One that grabs me: Hoekstra says he found out about these programs through a whistleblower. But who?
I’m not the only person to note that five days before Hoekstra wrote his now-famous letter, NSA whistleblower Russ Tice — James “State of War” Risen’s source for his NYT domestic wiretapping story — told inside-the-beltway pub Congress Daily he was planning to tell congressional staffers “unlawful activity occurred at the agency under the supervision of Gen. Michael Hayden beyond what has been publicly reported, while hinting that it might have involved the illegal use of space-based satellites and systems to spy on U.S. citizens.” (Hat tip to National Review online for mentioning this on its media blog.)

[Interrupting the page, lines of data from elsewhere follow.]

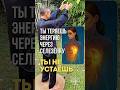 🟡 Ты не просто устаёшь — энергия утекает через СЕЛЕЗЁНКУ #здоровье #энергия #восстановление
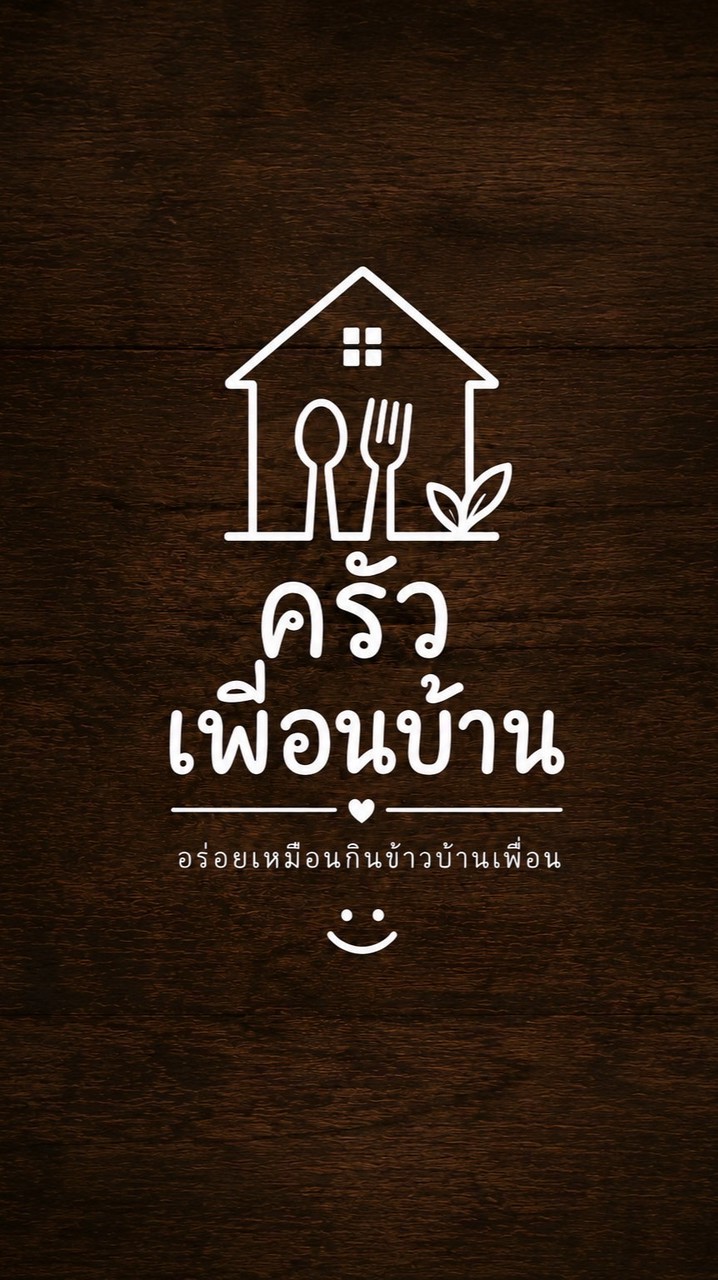 ครัวเพื่อนบ้าน🍳🍴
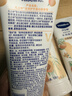 凡士林护手霜100ml*3白桃香滋润保湿手部护理持久留香 礼物 实拍图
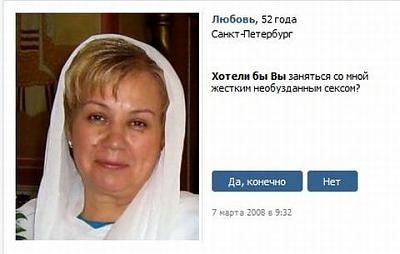 Нажмите на изображение для увеличения
Название: 29.jpg
Просмотров: 251
Размер:	25.4 Кб
ID:	21854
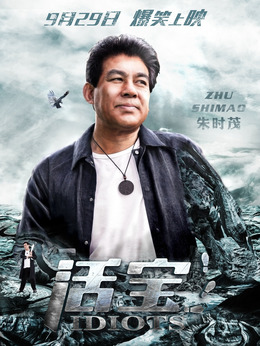 活宝剧情介绍_天天影视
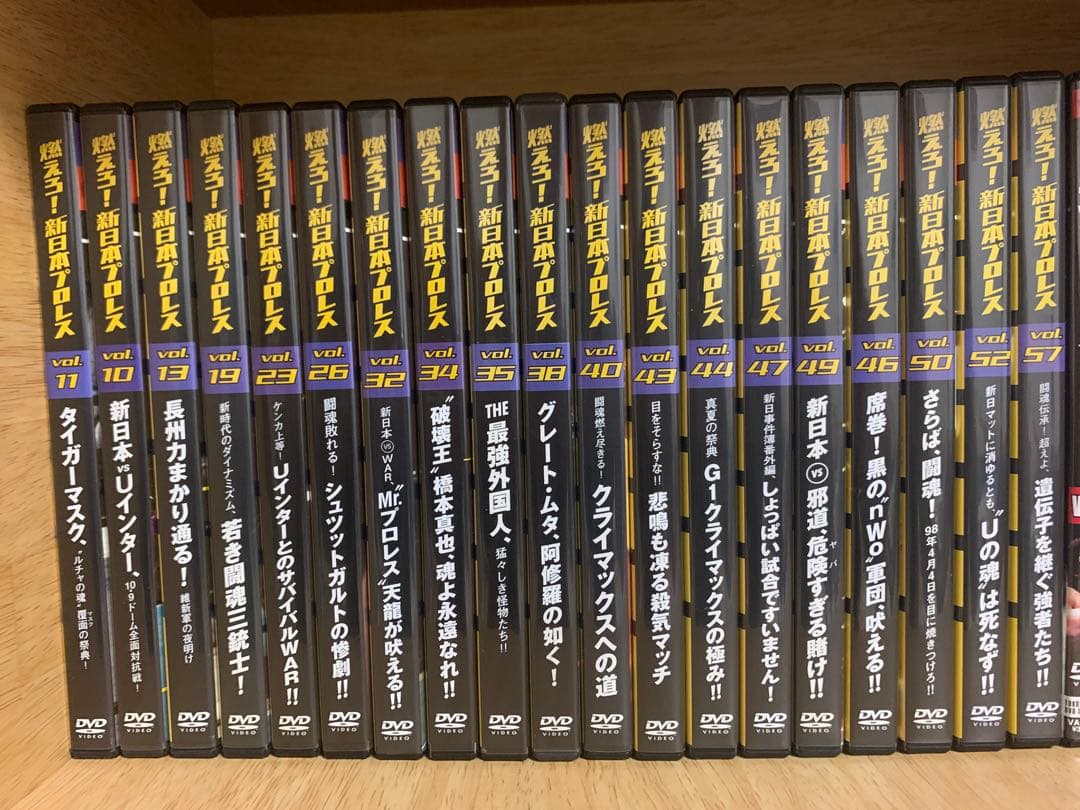 【レア有】燃えろ新日本プロレス19本セット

I called Tice over the weekend, but he hasn’t called me back. Of course, the stakes for him are high — as CongressDaily’s Chris Strohm wrote in May, “Tice would not discuss. . . the details of his allegations, saying doing so would compromise classified information and put him at risk of going to jail.” He would say only that “It’s an angle that you haven’t heard about yet.”
According to that piece, Tice was planning then to talk to Senate staffers (Hoekstra’s committee reportedly failed to call him back). Did Tice wind up meeting with House folks after all? What did he tell them? Was he Hoekstra’s source?
Who Told House Intel Chair What the White House Wouldn’t?